- **THE PROBLEM**
Your answer should consist only of the line with "Vintage Yves Saint" and the lines after it, reproduced exactly through the end of the entries below.

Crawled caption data
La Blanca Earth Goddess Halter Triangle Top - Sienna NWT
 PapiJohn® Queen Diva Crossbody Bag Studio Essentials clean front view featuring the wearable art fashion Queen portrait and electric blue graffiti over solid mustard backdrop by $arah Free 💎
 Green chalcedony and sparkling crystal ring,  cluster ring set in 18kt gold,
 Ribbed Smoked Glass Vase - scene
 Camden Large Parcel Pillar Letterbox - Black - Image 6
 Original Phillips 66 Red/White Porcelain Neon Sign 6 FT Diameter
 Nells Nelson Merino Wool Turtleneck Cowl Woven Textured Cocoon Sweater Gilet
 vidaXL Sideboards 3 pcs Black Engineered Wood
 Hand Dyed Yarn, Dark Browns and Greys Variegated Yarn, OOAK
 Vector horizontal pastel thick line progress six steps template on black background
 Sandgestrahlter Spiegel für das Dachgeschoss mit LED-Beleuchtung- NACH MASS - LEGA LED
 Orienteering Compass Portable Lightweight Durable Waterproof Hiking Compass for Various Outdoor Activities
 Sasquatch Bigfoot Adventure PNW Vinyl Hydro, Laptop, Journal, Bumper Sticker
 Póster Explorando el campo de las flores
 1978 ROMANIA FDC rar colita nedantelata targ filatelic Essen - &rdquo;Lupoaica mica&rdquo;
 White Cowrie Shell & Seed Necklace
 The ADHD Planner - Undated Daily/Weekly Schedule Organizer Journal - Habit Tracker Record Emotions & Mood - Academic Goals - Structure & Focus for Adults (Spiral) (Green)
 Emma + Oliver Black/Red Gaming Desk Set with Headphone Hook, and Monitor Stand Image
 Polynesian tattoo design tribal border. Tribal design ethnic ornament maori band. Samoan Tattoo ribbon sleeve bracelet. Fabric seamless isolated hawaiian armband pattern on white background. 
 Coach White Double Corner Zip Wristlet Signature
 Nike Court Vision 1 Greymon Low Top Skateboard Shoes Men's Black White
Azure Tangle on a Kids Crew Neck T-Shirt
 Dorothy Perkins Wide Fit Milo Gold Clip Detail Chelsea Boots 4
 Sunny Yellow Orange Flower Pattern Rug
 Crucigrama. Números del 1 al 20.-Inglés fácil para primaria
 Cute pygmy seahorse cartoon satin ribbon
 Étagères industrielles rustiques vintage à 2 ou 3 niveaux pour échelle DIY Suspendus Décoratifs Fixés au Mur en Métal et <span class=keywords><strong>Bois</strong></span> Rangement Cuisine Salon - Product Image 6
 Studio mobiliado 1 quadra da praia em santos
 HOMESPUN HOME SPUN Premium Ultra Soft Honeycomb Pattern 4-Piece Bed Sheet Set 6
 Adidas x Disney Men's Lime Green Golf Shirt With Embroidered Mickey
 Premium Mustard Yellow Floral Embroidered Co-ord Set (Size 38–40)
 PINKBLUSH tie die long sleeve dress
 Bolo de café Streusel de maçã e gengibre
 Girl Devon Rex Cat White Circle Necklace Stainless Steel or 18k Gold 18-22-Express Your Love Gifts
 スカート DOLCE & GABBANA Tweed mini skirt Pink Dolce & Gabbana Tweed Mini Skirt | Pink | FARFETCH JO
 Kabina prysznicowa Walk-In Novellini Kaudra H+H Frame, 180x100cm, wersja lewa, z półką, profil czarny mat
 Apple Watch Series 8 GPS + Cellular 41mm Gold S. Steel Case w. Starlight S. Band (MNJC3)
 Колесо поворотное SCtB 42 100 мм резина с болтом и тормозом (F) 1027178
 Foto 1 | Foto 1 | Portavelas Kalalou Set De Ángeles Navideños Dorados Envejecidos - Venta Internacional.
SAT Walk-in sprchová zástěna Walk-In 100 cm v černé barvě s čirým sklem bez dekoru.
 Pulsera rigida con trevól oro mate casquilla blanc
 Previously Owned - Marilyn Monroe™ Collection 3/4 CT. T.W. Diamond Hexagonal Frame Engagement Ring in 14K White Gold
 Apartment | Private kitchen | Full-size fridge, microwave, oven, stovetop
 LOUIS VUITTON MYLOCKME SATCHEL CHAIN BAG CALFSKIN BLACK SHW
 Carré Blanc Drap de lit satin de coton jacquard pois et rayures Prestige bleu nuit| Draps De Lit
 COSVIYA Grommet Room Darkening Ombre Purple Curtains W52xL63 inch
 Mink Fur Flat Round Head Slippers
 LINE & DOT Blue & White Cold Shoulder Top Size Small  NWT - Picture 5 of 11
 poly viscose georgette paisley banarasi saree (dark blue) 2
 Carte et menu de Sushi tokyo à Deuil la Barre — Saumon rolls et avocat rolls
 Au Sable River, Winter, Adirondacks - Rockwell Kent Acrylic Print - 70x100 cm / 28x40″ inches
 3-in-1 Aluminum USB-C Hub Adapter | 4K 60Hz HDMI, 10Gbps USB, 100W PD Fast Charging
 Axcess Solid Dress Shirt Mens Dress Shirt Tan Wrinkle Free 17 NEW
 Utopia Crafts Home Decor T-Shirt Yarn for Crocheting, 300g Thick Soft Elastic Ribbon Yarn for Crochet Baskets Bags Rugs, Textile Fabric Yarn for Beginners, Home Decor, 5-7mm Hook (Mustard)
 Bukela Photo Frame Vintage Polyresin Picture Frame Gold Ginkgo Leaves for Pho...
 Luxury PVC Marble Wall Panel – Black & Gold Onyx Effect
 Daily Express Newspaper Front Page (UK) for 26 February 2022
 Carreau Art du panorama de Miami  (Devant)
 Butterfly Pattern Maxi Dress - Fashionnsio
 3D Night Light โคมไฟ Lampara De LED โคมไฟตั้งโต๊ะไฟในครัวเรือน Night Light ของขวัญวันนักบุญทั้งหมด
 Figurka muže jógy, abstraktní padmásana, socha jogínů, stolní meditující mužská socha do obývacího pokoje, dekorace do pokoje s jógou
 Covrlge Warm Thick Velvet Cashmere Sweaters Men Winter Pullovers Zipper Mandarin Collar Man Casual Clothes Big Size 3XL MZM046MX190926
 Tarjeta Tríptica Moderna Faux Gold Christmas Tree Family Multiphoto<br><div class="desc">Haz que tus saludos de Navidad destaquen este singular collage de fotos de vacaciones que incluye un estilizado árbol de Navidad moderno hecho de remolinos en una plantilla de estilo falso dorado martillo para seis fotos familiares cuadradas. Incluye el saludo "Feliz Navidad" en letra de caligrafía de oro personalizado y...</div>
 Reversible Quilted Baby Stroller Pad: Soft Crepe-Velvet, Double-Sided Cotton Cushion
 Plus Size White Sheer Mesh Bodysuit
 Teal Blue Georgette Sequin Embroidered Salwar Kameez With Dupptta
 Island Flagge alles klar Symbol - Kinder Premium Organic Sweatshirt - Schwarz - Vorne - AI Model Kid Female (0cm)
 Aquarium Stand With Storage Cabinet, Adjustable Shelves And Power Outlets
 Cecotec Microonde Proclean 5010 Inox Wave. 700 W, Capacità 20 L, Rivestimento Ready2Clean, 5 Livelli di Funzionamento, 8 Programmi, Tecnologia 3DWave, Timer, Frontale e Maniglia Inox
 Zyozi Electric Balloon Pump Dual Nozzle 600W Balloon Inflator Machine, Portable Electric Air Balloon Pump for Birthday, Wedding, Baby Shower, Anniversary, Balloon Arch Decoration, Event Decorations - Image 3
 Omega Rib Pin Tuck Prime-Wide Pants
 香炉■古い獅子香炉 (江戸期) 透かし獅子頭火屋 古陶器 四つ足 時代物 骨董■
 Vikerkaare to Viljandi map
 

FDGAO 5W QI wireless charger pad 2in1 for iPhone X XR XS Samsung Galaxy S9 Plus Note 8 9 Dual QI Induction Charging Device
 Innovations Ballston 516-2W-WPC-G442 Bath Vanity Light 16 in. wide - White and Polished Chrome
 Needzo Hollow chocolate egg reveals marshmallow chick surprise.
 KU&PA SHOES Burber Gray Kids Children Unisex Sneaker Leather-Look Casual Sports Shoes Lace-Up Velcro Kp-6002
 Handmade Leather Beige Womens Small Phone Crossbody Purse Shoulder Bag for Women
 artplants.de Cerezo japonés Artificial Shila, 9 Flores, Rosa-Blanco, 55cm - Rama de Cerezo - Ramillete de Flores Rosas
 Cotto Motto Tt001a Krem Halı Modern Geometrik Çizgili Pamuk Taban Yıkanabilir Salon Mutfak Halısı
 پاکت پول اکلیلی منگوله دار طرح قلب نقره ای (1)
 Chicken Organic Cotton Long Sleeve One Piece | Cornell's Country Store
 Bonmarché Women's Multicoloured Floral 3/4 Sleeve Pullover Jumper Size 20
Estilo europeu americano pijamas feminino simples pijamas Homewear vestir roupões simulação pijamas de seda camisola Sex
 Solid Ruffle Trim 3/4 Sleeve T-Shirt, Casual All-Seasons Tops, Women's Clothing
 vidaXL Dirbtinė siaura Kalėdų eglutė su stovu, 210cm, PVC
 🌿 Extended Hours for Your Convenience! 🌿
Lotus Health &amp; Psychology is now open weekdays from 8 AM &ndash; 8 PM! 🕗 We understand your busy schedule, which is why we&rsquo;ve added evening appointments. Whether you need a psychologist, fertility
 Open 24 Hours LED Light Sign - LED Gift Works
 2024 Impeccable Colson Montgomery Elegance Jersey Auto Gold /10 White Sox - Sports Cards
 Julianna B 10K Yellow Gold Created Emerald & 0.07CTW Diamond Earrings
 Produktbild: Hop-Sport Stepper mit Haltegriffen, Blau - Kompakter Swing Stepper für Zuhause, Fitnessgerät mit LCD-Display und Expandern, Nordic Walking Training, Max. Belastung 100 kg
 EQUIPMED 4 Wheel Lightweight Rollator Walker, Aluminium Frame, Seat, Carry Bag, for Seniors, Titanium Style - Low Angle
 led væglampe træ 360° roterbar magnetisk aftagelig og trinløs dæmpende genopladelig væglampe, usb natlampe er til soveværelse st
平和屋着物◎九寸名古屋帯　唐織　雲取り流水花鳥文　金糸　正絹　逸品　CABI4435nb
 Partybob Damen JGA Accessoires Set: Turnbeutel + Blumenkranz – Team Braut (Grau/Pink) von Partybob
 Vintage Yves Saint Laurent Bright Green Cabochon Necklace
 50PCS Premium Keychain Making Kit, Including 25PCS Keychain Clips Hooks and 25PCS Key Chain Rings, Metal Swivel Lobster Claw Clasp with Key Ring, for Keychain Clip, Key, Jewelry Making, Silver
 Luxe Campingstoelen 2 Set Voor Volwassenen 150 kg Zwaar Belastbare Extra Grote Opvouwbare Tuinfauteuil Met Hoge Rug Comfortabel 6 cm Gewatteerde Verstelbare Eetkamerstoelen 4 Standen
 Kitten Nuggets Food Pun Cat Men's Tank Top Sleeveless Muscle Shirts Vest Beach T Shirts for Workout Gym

- **ANSWER FOR THIS EXERCISE**
 Vintage Yves Saint Laurent Bright Green Cabochon Necklace
 50PCS Premium Keychain Making Kit, Including 25PCS Keychain Clips Hooks and 25PCS Key Chain Rings, Metal Swivel Lobster Claw Clasp with Key Ring, for Keychain Clip, Key, Jewelry Making, Silver
 Luxe Campingstoelen 2 Set Voor Volwassenen 150 kg Zwaar Belastbare Extra Grote Opvouwbare Tuinfauteuil Met Hoge Rug Comfortabel 6 cm Gewatteerde Verstelbare Eetkamerstoelen 4 Standen
 Kitten Nuggets Food Pun Cat Men's Tank Top Sleeveless Muscle Shirts Vest Beach T Shirts for Workout Gym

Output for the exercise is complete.